The records —
%%
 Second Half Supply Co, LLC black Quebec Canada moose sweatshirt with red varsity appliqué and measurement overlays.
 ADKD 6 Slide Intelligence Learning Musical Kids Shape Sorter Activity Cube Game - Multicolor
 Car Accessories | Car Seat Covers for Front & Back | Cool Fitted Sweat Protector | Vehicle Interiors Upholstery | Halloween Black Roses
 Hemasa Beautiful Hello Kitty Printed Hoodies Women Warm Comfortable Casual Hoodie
%%
%%
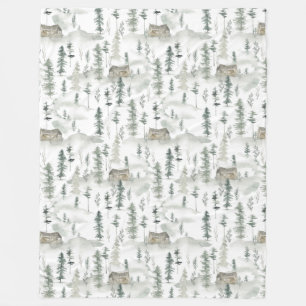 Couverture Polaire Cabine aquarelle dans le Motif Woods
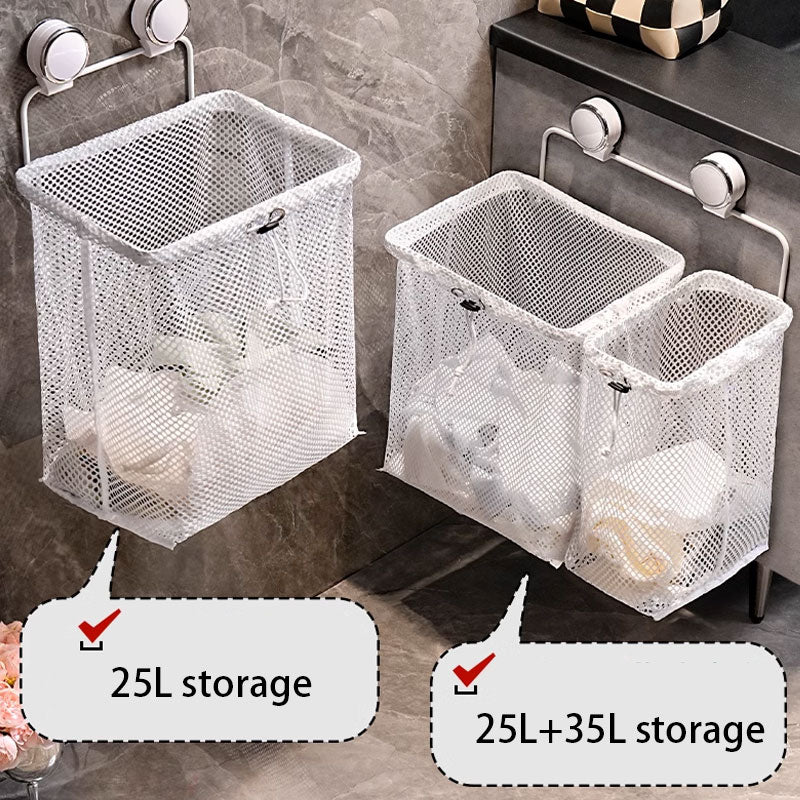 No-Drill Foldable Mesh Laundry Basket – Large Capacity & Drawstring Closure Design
%%
Out of the material above, output word for word the line with "Second Half Supply", the line with "Hemasa Beautiful Hello", and all lines between them, with nothing else.

 Second Half Supply Co, LLC black Quebec Canada moose sweatshirt with red varsity appliqué and measurement overlays.
 ADKD 6 Slide Intelligence Learning Musical Kids Shape Sorter Activity Cube Game - Multicolor
 Car Accessories | Car Seat Covers for Front & Back | Cool Fitted Sweat Protector | Vehicle Interiors Upholstery | Halloween Black Roses
 Hemasa Beautiful Hello Kitty Printed Hoodies Women Warm Comfortable Casual Hoodie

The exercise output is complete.